Samstag, 23. Juli 2022

Wahrheit macht unfrei! Ein postmodernes antichristliches Credo

Wahrheit macht unfrei! Ein postmodernes antichristliches Credo


Den „Nihilismus als Errungenschaft“zu feiern, das fordert Stefan Lorenz-Sorgner, ein Vordenker des Transhumanismus. (Übermensch,Plädoyer für einen Nietzeanischen Transhumanismus, 2019,S.91-99). Diese sehr klug geschriebene Studie zum Thema des Transhumanismus kritisiert nun auch Nietzsches Anliegen der Überwindung des Nihilismus,ist für diesen Philosophen gerade doch das Projekt des Übermenschen die der den Nihilismus überwindenden Kreativität. Mitnichten, der prophezeite Nihilismus soll nun eine positive Entwickelungsstufe sein, in der es um der Pluralität des Lebens willen zu verharren gälte. „Bei den verschiedenen Facetten des Nihilismus handelt es sich um Errungenschaften,die die Wahrheit fördern, die Vielfalt des Lebens zum Florieren zu bringen.“ (S.91) Dabei wird dann zwischen dem alethischen und dem ethischen Nihilismus unterschieden.

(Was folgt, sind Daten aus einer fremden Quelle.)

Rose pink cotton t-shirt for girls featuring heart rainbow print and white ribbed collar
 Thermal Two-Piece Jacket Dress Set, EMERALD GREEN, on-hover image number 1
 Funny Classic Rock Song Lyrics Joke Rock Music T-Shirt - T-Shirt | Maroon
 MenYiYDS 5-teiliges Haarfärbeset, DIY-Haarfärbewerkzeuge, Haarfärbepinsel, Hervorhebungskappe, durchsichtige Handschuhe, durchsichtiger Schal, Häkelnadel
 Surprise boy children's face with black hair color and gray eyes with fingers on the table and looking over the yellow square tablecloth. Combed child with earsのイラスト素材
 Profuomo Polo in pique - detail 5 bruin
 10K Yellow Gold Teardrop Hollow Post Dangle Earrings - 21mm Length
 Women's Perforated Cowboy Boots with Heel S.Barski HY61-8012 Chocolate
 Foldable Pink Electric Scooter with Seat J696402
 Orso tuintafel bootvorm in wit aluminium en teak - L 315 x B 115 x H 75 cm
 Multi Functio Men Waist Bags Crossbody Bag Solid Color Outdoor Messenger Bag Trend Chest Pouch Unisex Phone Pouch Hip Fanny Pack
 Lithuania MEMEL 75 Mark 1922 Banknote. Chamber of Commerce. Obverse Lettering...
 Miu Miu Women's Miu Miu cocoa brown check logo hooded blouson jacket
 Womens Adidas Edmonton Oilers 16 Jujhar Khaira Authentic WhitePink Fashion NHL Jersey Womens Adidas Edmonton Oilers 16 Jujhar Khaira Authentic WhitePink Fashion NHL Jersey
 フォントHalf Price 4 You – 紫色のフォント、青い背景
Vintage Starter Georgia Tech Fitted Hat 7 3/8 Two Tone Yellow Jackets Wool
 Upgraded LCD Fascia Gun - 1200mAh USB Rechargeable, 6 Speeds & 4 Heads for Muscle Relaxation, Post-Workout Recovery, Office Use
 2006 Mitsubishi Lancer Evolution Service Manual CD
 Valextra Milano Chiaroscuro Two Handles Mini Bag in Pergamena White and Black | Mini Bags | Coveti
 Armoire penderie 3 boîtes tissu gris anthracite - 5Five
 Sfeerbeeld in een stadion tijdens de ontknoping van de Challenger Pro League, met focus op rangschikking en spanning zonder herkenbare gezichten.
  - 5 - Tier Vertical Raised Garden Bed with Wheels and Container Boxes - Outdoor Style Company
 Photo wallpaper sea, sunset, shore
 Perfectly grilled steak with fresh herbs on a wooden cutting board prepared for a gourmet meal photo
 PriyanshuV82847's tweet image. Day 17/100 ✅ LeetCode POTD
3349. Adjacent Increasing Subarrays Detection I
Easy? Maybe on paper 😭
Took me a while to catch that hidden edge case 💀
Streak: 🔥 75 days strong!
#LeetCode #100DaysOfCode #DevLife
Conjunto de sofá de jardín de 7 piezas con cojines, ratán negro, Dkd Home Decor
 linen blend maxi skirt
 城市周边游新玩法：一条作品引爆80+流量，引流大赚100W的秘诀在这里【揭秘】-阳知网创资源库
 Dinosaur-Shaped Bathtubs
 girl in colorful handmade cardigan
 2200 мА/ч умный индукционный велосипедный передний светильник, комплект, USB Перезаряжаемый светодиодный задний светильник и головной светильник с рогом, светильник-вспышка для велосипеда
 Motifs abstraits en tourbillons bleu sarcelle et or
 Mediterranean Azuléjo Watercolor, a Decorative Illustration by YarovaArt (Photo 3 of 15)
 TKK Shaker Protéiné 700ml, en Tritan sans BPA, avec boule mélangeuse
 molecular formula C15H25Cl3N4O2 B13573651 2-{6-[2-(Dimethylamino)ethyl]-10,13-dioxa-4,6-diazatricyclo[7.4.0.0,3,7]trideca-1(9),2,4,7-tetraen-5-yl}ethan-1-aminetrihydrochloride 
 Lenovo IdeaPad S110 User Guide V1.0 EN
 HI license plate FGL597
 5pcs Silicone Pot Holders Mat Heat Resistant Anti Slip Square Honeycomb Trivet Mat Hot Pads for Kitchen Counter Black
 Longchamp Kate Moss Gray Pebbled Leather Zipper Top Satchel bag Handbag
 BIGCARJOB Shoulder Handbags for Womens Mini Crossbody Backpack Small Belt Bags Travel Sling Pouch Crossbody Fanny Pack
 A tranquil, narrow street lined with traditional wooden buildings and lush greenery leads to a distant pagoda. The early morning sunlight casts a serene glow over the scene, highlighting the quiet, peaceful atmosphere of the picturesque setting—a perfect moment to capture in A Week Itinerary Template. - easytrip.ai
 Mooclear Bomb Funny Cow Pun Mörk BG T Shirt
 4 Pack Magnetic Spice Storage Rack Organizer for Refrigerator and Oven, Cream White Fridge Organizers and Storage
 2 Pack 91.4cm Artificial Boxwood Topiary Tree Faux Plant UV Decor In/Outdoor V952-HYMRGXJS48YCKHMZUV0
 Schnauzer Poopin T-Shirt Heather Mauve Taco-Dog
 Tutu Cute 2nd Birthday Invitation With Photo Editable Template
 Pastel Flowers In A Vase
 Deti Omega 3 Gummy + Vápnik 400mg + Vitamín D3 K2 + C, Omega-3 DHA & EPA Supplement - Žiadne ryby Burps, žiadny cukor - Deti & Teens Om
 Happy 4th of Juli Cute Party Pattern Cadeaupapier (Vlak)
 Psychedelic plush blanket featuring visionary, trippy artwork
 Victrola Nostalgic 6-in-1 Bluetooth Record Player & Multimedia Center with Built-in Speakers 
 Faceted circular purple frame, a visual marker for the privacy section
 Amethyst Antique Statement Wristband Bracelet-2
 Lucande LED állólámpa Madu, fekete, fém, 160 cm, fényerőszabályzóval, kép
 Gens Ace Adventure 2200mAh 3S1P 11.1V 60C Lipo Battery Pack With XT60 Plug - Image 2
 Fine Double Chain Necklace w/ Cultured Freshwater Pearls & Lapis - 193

Es gäbe weder Wahrheit noch Moralität (S.92).Die Antithese zu allen totalitären und paternalistischen Strömungen sei der Nihilismus,denn er ermöglichte allein eine Pluralität von „Wahrheiten“ und „Moralen“. Darin verbirgt sich ein typisches postmodernes Axiom, das, daß eine erkannte Wahrheit oder eine zu erkennende sowohl der theoretischen und der praktischen Vernunft eine Legitimität der Pluralität beseitigen würde. Die Wahrheit, daß 5 plus 7 12 ist, verunmöglicht alle anderen Zahlen als 12 als legitime Antworten auf die Frage, was sei 5 plus 7 zu qualifizieren. Für den Bereich der Ästhetik: Wie könnte es noch eine Manigfaltigkeit von Kunstwerken geben, wenn es das wahre Kunstwerk gäbe?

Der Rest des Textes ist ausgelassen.